(Web page caption snippets)
Segment Open
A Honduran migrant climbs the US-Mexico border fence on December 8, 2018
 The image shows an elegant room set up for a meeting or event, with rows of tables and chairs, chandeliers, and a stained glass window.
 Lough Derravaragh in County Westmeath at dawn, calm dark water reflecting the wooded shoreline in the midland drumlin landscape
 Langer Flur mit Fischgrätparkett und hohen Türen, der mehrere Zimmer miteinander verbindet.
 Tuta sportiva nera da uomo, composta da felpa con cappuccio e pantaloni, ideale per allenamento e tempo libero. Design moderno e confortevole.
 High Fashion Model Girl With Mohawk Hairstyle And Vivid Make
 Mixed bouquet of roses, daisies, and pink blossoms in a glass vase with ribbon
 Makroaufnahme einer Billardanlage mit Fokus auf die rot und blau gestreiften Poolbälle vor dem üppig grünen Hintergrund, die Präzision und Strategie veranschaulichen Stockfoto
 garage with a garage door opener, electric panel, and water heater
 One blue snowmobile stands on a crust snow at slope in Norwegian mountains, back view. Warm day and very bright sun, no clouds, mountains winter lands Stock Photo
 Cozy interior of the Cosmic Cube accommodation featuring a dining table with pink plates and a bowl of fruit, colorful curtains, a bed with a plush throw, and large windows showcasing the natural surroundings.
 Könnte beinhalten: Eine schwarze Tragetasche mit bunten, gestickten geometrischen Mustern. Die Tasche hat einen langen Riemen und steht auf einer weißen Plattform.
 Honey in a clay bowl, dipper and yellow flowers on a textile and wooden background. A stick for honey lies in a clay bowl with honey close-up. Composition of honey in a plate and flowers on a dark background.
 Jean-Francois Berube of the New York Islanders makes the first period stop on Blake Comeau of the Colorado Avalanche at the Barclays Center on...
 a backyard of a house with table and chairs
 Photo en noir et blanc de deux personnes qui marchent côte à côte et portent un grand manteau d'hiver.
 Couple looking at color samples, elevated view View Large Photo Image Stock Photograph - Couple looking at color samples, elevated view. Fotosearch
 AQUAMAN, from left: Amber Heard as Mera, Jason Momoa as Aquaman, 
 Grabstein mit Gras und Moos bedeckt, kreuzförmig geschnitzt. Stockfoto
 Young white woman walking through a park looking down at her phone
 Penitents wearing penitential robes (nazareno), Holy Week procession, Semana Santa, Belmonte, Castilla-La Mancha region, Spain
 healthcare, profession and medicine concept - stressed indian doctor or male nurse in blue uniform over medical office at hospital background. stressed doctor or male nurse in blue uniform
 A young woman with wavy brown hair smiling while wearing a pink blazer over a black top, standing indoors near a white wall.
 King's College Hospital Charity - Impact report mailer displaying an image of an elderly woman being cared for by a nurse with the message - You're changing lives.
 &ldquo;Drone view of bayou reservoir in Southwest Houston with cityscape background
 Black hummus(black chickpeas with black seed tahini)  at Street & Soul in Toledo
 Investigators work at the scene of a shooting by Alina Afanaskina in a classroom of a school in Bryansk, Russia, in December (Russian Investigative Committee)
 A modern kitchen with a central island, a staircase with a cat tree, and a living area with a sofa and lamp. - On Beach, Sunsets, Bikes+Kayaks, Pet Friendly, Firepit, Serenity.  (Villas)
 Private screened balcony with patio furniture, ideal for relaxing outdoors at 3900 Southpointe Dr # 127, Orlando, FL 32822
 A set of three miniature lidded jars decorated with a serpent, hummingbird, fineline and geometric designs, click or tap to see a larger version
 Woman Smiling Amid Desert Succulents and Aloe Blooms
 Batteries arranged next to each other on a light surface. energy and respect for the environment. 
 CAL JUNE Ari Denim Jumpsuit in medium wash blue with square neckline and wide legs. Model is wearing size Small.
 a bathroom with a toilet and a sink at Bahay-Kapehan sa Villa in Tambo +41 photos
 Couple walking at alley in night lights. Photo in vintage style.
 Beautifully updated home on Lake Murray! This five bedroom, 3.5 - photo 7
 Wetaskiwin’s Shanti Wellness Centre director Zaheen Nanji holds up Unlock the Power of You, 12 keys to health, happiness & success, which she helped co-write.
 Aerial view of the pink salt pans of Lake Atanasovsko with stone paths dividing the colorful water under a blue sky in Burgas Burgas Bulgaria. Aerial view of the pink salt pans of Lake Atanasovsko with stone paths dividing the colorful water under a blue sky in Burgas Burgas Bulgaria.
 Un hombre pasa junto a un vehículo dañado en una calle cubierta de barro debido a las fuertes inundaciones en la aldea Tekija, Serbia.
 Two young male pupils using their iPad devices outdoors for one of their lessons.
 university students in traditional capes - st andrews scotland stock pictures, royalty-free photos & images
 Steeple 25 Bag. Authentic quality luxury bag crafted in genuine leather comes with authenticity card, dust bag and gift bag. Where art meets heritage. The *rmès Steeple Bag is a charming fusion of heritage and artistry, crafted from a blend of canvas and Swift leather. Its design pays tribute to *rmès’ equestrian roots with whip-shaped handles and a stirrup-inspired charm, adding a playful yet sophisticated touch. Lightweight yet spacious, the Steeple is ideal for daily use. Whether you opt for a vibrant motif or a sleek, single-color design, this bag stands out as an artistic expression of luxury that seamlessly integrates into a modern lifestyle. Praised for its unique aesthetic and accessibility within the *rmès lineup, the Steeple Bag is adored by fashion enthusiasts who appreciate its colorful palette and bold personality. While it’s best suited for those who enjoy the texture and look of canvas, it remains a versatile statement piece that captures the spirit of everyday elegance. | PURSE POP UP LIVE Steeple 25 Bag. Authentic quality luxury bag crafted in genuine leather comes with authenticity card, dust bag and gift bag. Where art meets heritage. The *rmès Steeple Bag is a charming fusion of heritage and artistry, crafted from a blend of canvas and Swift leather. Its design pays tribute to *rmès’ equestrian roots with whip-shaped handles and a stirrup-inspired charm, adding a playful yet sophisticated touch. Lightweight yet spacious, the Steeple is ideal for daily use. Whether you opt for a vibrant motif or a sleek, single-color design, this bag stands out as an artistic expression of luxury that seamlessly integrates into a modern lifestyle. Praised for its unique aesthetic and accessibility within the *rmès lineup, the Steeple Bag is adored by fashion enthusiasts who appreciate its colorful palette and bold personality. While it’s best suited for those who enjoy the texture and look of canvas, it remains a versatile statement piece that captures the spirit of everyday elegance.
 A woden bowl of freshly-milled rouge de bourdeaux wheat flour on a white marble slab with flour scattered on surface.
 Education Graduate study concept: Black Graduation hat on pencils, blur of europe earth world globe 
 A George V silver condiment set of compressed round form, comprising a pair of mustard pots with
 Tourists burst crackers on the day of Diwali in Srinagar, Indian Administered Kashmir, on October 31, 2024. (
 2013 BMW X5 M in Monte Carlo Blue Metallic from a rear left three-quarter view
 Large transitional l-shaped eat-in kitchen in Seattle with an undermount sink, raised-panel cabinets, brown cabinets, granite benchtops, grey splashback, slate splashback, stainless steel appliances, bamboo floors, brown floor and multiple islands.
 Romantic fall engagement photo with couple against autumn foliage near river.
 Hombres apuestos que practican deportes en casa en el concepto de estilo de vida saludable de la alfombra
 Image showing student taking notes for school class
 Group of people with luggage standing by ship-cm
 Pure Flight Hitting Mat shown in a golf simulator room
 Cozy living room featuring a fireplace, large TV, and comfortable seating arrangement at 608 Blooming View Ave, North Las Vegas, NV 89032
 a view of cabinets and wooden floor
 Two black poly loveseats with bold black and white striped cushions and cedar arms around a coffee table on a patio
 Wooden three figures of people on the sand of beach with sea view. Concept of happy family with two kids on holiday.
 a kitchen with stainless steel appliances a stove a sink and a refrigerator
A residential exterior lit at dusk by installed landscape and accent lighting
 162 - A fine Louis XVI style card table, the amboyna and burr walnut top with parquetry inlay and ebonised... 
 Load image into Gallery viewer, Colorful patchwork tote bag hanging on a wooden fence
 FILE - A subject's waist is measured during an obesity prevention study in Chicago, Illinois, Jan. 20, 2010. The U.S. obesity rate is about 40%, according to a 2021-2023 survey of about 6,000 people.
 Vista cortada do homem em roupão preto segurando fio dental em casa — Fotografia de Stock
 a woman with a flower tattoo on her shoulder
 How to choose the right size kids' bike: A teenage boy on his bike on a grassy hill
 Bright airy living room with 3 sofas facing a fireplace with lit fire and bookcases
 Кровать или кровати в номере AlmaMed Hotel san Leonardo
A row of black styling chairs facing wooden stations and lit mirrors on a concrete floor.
Segment Closed
Problem statement: In the data above, which lines lie between the line with "with cityscape background" and the line with "Private screened balcony", inclusive? Print those lines exactly and nothing else.

Answer area:
 &ldquo;Drone view of bayou reservoir in Southwest Houston with cityscape background
 Black hummus(black chickpeas with black seed tahini)  at Street & Soul in Toledo
 Investigators work at the scene of a shooting by Alina Afanaskina in a classroom of a school in Bryansk, Russia, in December (Russian Investigative Committee)
 A modern kitchen with a central island, a staircase with a cat tree, and a living area with a sofa and lamp. - On Beach, Sunsets, Bikes+Kayaks, Pet Friendly, Firepit, Serenity.  (Villas)
 Private screened balcony with patio furniture, ideal for relaxing outdoors at 3900 Southpointe Dr # 127, Orlando, FL 32822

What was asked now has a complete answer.